Joe followed my look. “Who, Harry?”

“Yes, Harry.” I gave him a little bump with my shoulder. “If that’s his name. And get that beard out of my neck. It itches.”

Joe stepped back, embarrassed but not very, and rubbed a hand over his cheeks. “Jeez, you’re in a mood today. I thought you liked it.”

At that moment Mrs. Markham returned from the pantry. During the year, Daphne Markham was a librarian at the elementary school-a woman with a thick waist and glasses on a chain who could shut you up with one steely-eyed glance that went through you like a spear. We were all terrified of her and assumed she’d never married because she was just too mean, but I later learned that this was not the case: she had been married, long ago, in Africa, where she and her husband were missionaries. What became of her husband I never learned, but earlier that summer she had shown me a photograph of herself, much younger, thin as a whip, standing in front of a small timber-framed church and wearing, of all things, a pith helmet.

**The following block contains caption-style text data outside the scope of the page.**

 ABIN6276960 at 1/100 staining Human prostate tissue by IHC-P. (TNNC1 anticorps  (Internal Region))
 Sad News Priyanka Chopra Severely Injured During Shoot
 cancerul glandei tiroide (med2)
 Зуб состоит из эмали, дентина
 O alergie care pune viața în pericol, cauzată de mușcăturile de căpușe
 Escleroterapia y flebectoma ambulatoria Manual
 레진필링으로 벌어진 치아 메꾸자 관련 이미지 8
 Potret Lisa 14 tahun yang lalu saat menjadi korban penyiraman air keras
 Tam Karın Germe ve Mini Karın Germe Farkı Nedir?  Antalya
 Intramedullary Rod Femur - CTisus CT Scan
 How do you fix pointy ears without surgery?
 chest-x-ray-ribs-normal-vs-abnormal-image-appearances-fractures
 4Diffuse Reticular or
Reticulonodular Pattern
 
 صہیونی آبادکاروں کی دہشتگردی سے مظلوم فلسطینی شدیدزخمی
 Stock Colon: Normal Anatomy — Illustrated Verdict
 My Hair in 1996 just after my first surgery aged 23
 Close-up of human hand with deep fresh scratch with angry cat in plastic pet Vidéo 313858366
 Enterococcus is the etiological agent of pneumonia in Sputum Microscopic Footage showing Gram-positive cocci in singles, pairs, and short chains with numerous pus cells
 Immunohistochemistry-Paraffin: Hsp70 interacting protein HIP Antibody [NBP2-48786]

For a large woman she was surprisingly fast, and she could handle a breakfast rush with the coolheaded precision of a bomber pilot; in one continuous motion she stepped to the stove, flipped a line of pancakes, dropped two slices of bread into the toaster, pulled a plate of rolls from the warmer, and cracked two eggs into a bowl for beating.

“Lucy, order’s almost up. Let’s get a move on, please.”

I looked at Joe, who had returned to the table and his bear claw. They were a specialty of Daphne’s, dripping with honey and completely irresistible. “Well? I promise to like your beard if you answer the question.”

Joe shrugged, not interested but willing to play along. “He’s just some friend of my dad’s. A regular, been up the last few summers. I guided him a few times. I guess that’s his kid.”

I peeked out the door again. Harry was gesturing toward the window, pointing something out to Hal. At one of the other tables, a man lifted his head and moved his eyes around the room, scowling: Where the hell’s my waitress?

“Okay, so he’s good-looking,” Joe said, and laughed. “Quit your mooning.”

I felt my face flush again and backed away from the door. “I am not mooning.”

“Sure you’re not. He’s as old as your dad. He’s also some kind of big shot, what my dad tells me. A good tipper too. Usually gives me at least ten bucks. Kinda folds the bill and slips it to me, like I might be embarrassed to take it.”

I could somehow see this. “How about his wife? Is she a good tipper, too?”

Joe frowned impatiently, and I felt my stomach tighten. Why was I asking this? And why was I asking Joe, of all people? “How should I know? He always comes by himself, until now.” He gave a thoughtful look and wiped his hands on a napkin. “Actually, I heard his wife’s sick or something. Don’t know why I’d think that, unless maybe he mentioned it.” He lifted his eyes to me then and smiled, ready to change the subject. “So, how about it?”

“How about what?”

Joe glanced over at the stove. He pointed at me, then himself, and mouthed the words: the picnic.

Behind him, Daphne sighed irritably and banged her spatula against a pan. “Lucy, for heaven’s sake, order’s up now.”